本記事は、つらお氏の著書『最強のズボラ投資』(ぱる出版)の中から一部を抜粋・編集しています
出口戦略はなく、必要な時に必要なだけ取り崩すのがズボラ投資
◎考え方はシンプル:「必要な時に必要なだけ取り崩す」
出口戦略について解説すると言いましたが、実はもの凄くシンプルです。「必要な時に必要な分だけ取り崩す」という大原則に従うだけです。
老後に仕事を引退して年金生活になった時に年金で足りない分を賄うための老後資金であれば、その時に必要な分だけ解約すればいいのです。2か月分の生活費として20万円必要と思えば20万円取り崩す。海外旅行に行くから100万円必要であれば100万円取り崩す。このような考え方でいいのです。
◎そもそもズボラ投資に「出口戦略」という言葉はなじまない
ここまでの説明が全てなのですが、長期分散投資は出口戦略が無いという批判をしばしば受けます。しかし、私はズボラ投資に出口戦略という言葉がなじむとは思っていません。
出口戦略という言葉は、期限がある投資ではよくある考え方です。たとえば、ファンドがある企業を買収します。その企業の経営状況を再生させて買った時より高い価格で売ります。この「購入→再生→売却」という一連の流れでこの投資は終了します。この場合の売却が出口戦略にあたります。

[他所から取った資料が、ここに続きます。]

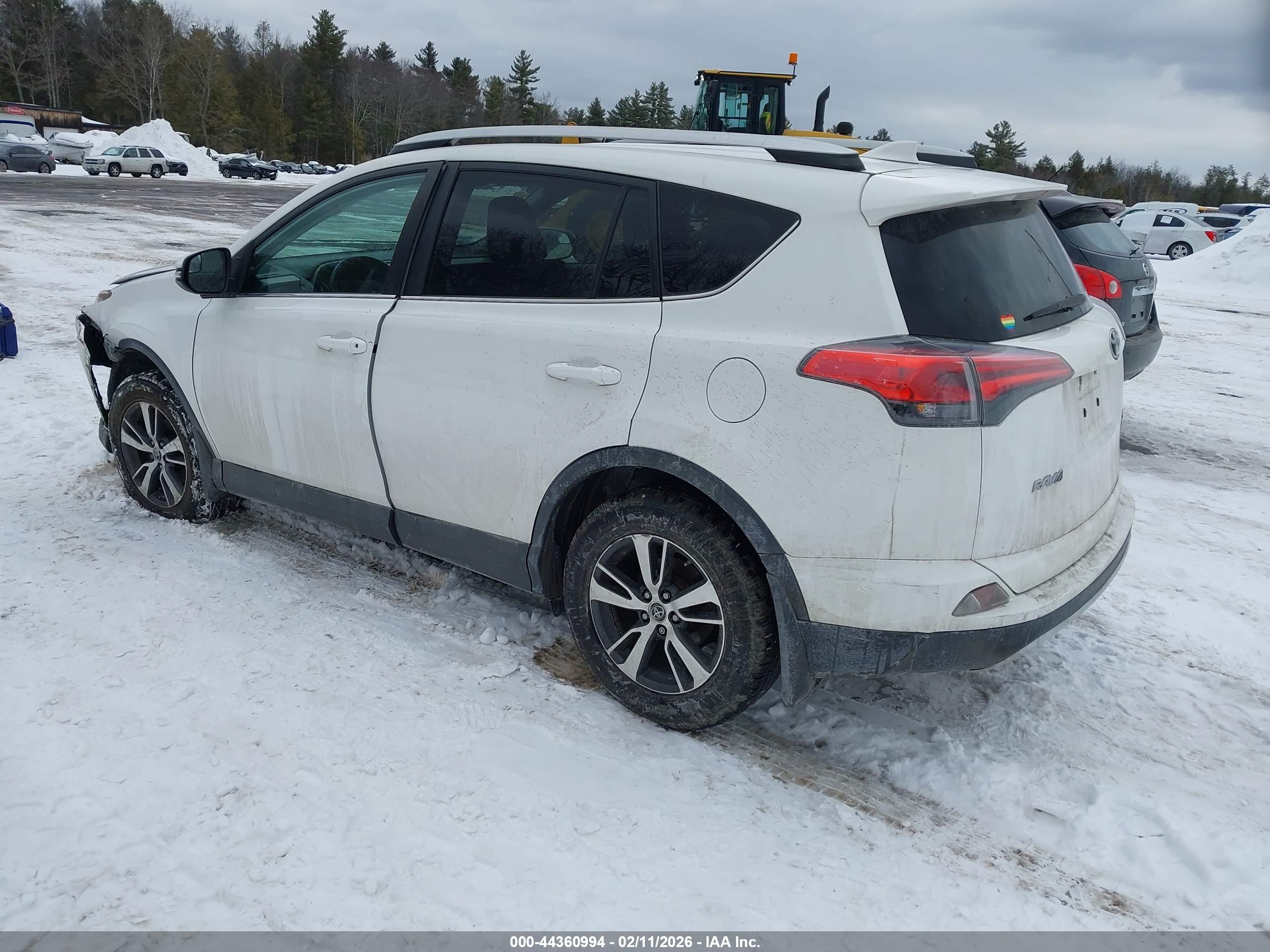 TOYOTA RAV4 image 3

一方、ズボラ投資の場合はどうかというと、この期限がありません。65歳になって仕事を引退しても長期分散投資をしながら資産を取り崩していけばよいのです。仮に、亡くなる時点で投資残高が残っていれば、亡くなるまで出口戦略は無しということになります。
取り崩しのタイミングで暴落が来ても問題なし!
出口戦略が無いなどと言うと、また違った批判が飛んできます。
「買ったらずっと保有し続けて、必要な時取り崩すというけど、いざ取り崩す時に暴落が来たらどうするのだ? 現役世代の資産形成期でまだ資金を積み立てている時代ならいいけど、65歳になっていざ取り崩しという時に暴落が来たら困るだろう」といったような批判です。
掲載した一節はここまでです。